A second market failure that may require more than one instrument is the lack of information among consumers on the environmental or economic attributes of a technology. In such a case, a price signal alone may not sufficiently spur the diffusion of these types of technologies. One solution to this type of barrier is an eco-labelling system, which can help increase the effectiveness of a price instrument by providing better information on relevant characteristics of the product (OECD, 2003b; Braathen, 2005). Sijm (2005) notes that this type of market failure may exist for households who may lack the relevant information to invest in energy efficiency measures and may not respond to a price signal. Another market failure in the residential sector may be caused by split incentives where neither the landlord nor tenant has an incentive to invest in energy efficiency measures (Sorrell and Sijm, 2003).
With the implementation of the EU ETS, particular attention has been given to the interaction between a tradable permits mechanism and other policies. Sijm (2005) and Sorrell and Sijm (2003) argue that an emissions trading scheme can co-exist with other instruments as long as these other instruments improve the efficiency of the trading mechanism by addressing market failures or contributing to some other policy objective. However, they argue that the combination of an emissions trading scheme with other instruments could also lead to “double regulation”, reduced efficiency and increased costs if policies are not designed carefully. NERA (2005) and Morthorst (2001) assess the interaction of renewable energy policies with tradable permits programmes and conclude that if not designed properly, these policies can lower allowance prices but raise the overall costs of the programme.
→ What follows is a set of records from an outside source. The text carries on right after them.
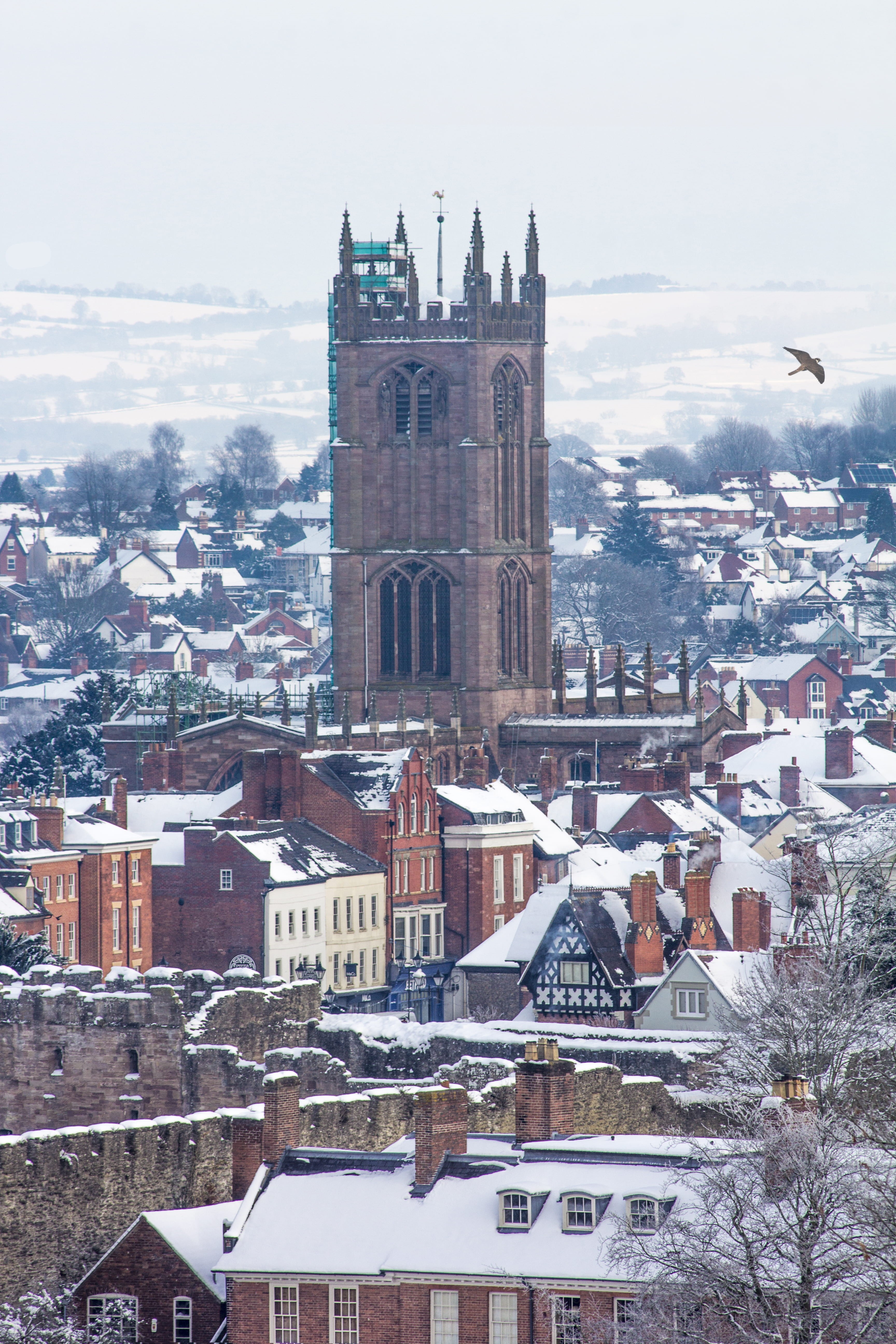 winter, day, travel destinations, outdoors, spirituality, snow, nature, 5K, brown, architecture, sky, city, no people, houses, building, cold temperature, Phone HD Wallpaper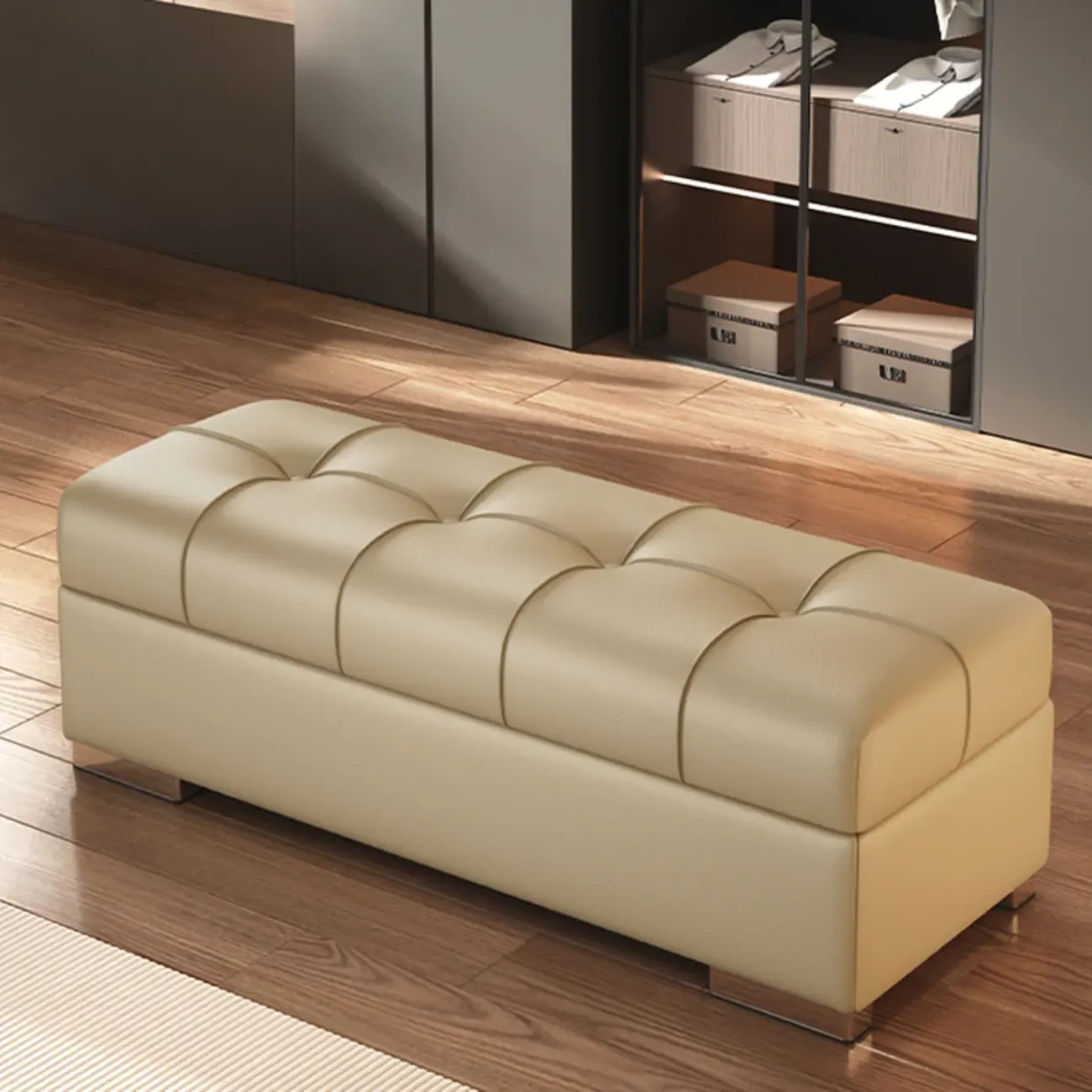 Modern Leather Upholstered Bedroom Bench with Storage Image - 3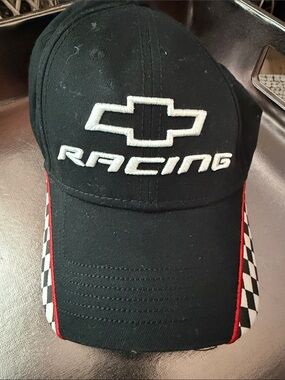 GM Chevrolet Racing Branded Black Cap with Red Accents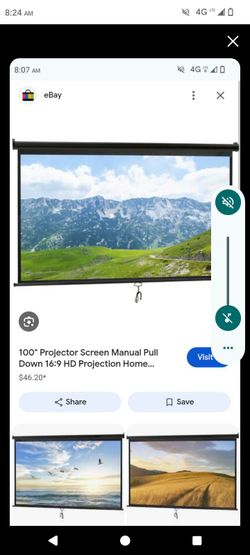 100" Manual Pull Down Projector Screen 16:9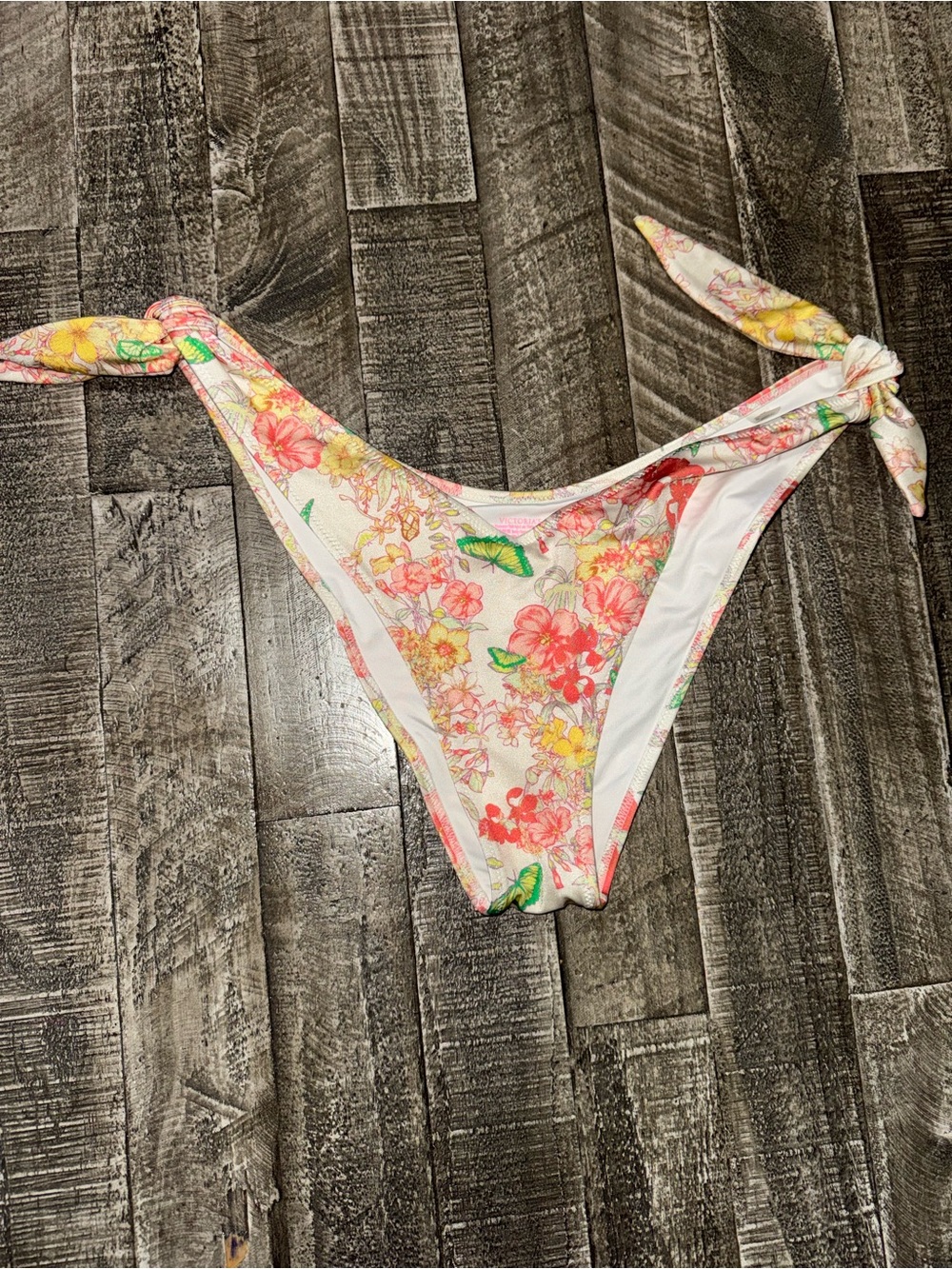 Victoria's Secret Cream Floral Bikini Set with Coral, Yellow & Green - Picture 6 of 9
There may be cases where a package of CO2 mitigation policies is justified if these policies serve multiple policy objectives. Sijm (2005) gives several examples of policies and objectives that may be compatible with the EU ETS, including direct regulation that also reduces local environmental effects from other pollutants. Renewable energy policies can be used to expand energy supply, increase rural income and reduce conventional pollutants. Policies that encourage bio-fuel production and automobile fuel efficiency have also been advocated for their advantages in encouraging energy security and fuel diversity as well as GHG mitigation. In the USA, these types of energy policies have been proposed in conjunction with a tradable permits system as part of a package to address energy, security and environmental objectives (NCEP, 2004).